Ellery Finch is the other main character of the story.  He’s one of Alice’s classmates and, as it turns out, a strong fan of the stories penned by Alice’s grandmother, which given the obsessive nature of some of the fans, did give me a slight feeling of unease.  Two things about Ellery – one good and one maybe not so much.  I must admit that I really appreciate that Ms Albert didn’t make him into a romantic lead but as much as I appreciated that aspect at the same time I couldn’t help feeling that his story was a little bit contrived in terms of moving the plot forward.  Given Alice’s time on the road I think it would have been more than plausible if she had managed by herself.

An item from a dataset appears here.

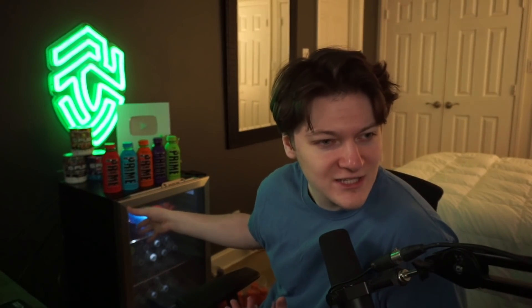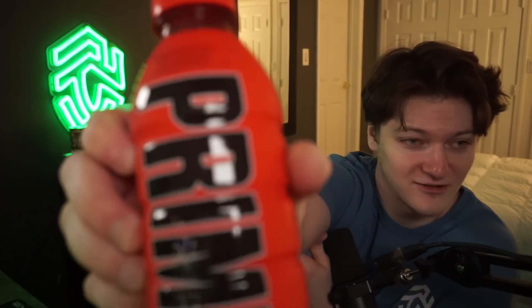I think the packaging looks really good. With these fruit punch drinks, they usually show the liquid inside a bit more, but Prime pretty much has the entire thing covered which makes it interesting. Up close it looks really smooth and nice.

The plot is the real winning element of this book, and of course the lovely writing.  The two together combine to make an intriguing story that you feel compelled to read.  As I said above there were definitely mystery elements to this book.  I needed to find out more and to be honest I would have loved to have learned more of the original fairy tales explored here as the few snippets that were on display made fascinating reading.

In terms of criticisms.  I think some readers may find the start of the story, which is predominantly contemporary with a hint of creepiness thrown in, a little longer than they might wish for.  Particularly so as it feels that the fantasy elements of the story only really take a hold during the latter stages of the book.  I didn’t have a problem in that respect but thought I should raise the issue as some readers may be more interested in a full on fantasy read.  Obviously there’s the fact that Alice can be a bit abrasive – although, again, I found her character to be understandable.  So, I think the only real criticism that I can share, with the above provisos in mind, is that this is one of those stories where the main character is kept in the dark about so many things – by a number of people – and it’s actually quite annoying.  For example Finch – he’s read and loved all Alice’s grandmother’s stories but does he tell her all about them all?  No, of course not, because that way would lie the way of spoilers.

Overcall, whilst there were a couple of elements that gave me pause for thought overall I thoroughly enjoyed this book.  It had me hooked to the page trying to find out more about Alice. and the mystery that surrounded her family.

I received a copy through Netgalley, courtesy of the publisher, for which my thanks.  The above is my own opinion.